§ Stored data
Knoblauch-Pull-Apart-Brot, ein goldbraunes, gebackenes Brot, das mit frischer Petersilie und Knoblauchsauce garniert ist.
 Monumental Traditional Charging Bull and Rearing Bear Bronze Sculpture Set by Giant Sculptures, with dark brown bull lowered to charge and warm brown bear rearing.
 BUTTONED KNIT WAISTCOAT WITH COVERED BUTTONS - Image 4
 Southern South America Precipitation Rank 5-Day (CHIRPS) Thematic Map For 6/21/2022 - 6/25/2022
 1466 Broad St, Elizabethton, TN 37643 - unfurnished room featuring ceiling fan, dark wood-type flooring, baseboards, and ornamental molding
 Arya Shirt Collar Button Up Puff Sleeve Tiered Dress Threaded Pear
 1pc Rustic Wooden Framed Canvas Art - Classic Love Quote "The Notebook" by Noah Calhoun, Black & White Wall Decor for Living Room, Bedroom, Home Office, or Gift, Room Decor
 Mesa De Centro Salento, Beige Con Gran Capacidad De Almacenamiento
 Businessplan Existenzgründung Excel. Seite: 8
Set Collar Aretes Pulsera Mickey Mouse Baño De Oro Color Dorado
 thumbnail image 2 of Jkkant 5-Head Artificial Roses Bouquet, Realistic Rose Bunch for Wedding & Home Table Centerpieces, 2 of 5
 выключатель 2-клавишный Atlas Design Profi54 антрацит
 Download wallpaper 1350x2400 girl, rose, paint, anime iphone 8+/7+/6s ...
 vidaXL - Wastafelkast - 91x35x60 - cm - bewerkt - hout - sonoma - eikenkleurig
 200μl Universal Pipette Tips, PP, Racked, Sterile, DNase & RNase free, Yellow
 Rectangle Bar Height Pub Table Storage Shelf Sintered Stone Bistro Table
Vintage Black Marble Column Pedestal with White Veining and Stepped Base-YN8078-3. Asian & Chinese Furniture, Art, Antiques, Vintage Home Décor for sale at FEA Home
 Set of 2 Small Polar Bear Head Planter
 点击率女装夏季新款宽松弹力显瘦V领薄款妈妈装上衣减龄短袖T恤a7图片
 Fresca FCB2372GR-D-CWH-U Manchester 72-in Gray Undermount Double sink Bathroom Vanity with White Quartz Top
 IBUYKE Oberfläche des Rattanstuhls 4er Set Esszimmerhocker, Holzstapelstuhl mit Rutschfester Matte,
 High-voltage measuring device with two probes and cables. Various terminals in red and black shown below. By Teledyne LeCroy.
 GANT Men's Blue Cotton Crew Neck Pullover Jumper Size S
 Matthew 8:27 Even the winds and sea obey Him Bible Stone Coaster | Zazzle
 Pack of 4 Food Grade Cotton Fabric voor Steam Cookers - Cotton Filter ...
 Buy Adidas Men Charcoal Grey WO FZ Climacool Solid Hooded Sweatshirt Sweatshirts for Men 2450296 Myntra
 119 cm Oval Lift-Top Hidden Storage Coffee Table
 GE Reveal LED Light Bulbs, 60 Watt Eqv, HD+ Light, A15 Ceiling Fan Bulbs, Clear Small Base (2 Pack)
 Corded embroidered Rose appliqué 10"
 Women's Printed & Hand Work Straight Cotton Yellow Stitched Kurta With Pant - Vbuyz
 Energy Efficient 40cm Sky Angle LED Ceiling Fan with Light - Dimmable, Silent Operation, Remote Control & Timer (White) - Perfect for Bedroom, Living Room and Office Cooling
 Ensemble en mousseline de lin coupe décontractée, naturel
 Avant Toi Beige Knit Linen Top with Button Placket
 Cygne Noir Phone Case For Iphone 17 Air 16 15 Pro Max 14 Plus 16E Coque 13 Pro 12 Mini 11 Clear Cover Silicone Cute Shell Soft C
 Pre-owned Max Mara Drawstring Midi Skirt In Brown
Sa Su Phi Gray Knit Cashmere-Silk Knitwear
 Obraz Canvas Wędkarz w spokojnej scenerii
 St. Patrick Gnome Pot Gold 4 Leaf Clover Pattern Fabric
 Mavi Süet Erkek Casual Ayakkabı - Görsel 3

§ About this exercise
Return the data from the top line through the bottom line exactly.

§ Final answer
Knoblauch-Pull-Apart-Brot, ein goldbraunes, gebackenes Brot, das mit frischer Petersilie und Knoblauchsauce garniert ist.
 Monumental Traditional Charging Bull and Rearing Bear Bronze Sculpture Set by Giant Sculptures, with dark brown bull lowered to charge and warm brown bear rearing.
 BUTTONED KNIT WAISTCOAT WITH COVERED BUTTONS - Image 4
 Southern South America Precipitation Rank 5-Day (CHIRPS) Thematic Map For 6/21/2022 - 6/25/2022
 1466 Broad St, Elizabethton, TN 37643 - unfurnished room featuring ceiling fan, dark wood-type flooring, baseboards, and ornamental molding
 Arya Shirt Collar Button Up Puff Sleeve Tiered Dress Threaded Pear
 1pc Rustic Wooden Framed Canvas Art - Classic Love Quote "The Notebook" by Noah Calhoun, Black & White Wall Decor for Living Room, Bedroom, Home Office, or Gift, Room Decor
 Mesa De Centro Salento, Beige Con Gran Capacidad De Almacenamiento
 Businessplan Existenzgründung Excel. Seite: 8
Set Collar Aretes Pulsera Mickey Mouse Baño De Oro Color Dorado
 thumbnail image 2 of Jkkant 5-Head Artificial Roses Bouquet, Realistic Rose Bunch for Wedding & Home Table Centerpieces, 2 of 5
 выключатель 2-клавишный Atlas Design Profi54 антрацит
 Download wallpaper 1350x2400 girl, rose, paint, anime iphone 8+/7+/6s ...
 vidaXL - Wastafelkast - 91x35x60 - cm - bewerkt - hout - sonoma - eikenkleurig
 200μl Universal Pipette Tips, PP, Racked, Sterile, DNase & RNase free, Yellow
 Rectangle Bar Height Pub Table Storage Shelf Sintered Stone Bistro Table
Vintage Black Marble Column Pedestal with White Veining and Stepped Base-YN8078-3. Asian & Chinese Furniture, Art, Antiques, Vintage Home Décor for sale at FEA Home
 Set of 2 Small Polar Bear Head Planter
 点击率女装夏季新款宽松弹力显瘦V领薄款妈妈装上衣减龄短袖T恤a7图片
 Fresca FCB2372GR-D-CWH-U Manchester 72-in Gray Undermount Double sink Bathroom Vanity with White Quartz Top
 IBUYKE Oberfläche des Rattanstuhls 4er Set Esszimmerhocker, Holzstapelstuhl mit Rutschfester Matte,
 High-voltage measuring device with two probes and cables. Various terminals in red and black shown below. By Teledyne LeCroy.
 GANT Men's Blue Cotton Crew Neck Pullover Jumper Size S
 Matthew 8:27 Even the winds and sea obey Him Bible Stone Coaster | Zazzle
 Pack of 4 Food Grade Cotton Fabric voor Steam Cookers - Cotton Filter ...
 Buy Adidas Men Charcoal Grey WO FZ Climacool Solid Hooded Sweatshirt Sweatshirts for Men 2450296 Myntra
 119 cm Oval Lift-Top Hidden Storage Coffee Table
 GE Reveal LED Light Bulbs, 60 Watt Eqv, HD+ Light, A15 Ceiling Fan Bulbs, Clear Small Base (2 Pack)
 Corded embroidered Rose appliqué 10"
 Women's Printed & Hand Work Straight Cotton Yellow Stitched Kurta With Pant - Vbuyz
 Energy Efficient 40cm Sky Angle LED Ceiling Fan with Light - Dimmable, Silent Operation, Remote Control & Timer (White) - Perfect for Bedroom, Living Room and Office Cooling
 Ensemble en mousseline de lin coupe décontractée, naturel
 Avant Toi Beige Knit Linen Top with Button Placket
 Cygne Noir Phone Case For Iphone 17 Air 16 15 Pro Max 14 Plus 16E Coque 13 Pro 12 Mini 11 Clear Cover Silicone Cute Shell Soft C
 Pre-owned Max Mara Drawstring Midi Skirt In Brown
Sa Su Phi Gray Knit Cashmere-Silk Knitwear
 Obraz Canvas Wędkarz w spokojnej scenerii
 St. Patrick Gnome Pot Gold 4 Leaf Clover Pattern Fabric
 Mavi Süet Erkek Casual Ayakkabı - Görsel 3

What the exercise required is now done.